PROBLEM REQUIREMENTS: Span requested from the data below: the line with "UNKNOWN Cruiser板 FL, 閃光, 1個" through the line with "Foto 2 do produto", both included. Give only these lines again, exactly, and leave every picture out.

DATA FOR ANALYSIS:
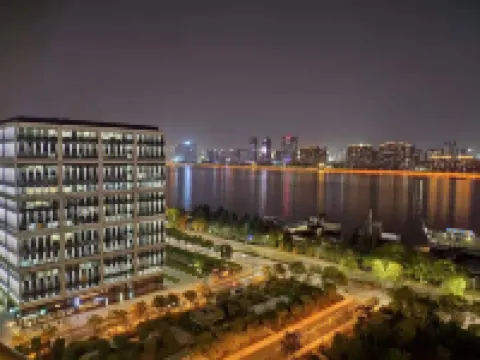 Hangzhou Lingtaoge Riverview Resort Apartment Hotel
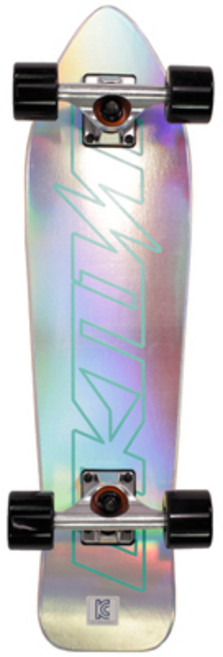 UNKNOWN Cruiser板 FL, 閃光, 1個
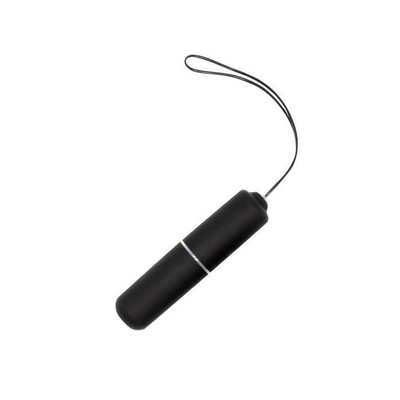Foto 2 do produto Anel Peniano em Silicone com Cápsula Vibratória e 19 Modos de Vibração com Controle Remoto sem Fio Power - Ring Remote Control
--
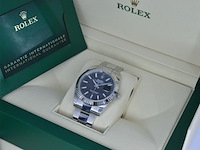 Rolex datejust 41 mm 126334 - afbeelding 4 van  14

RESULT FOR THIS TASK:
 UNKNOWN Cruiser板 FL, 閃光, 1個
Foto 2 do produto Anel Peniano em Silicone com Cápsula Vibratória e 19 Modos de Vibração com Controle Remoto sem Fio Power - Ring Remote Control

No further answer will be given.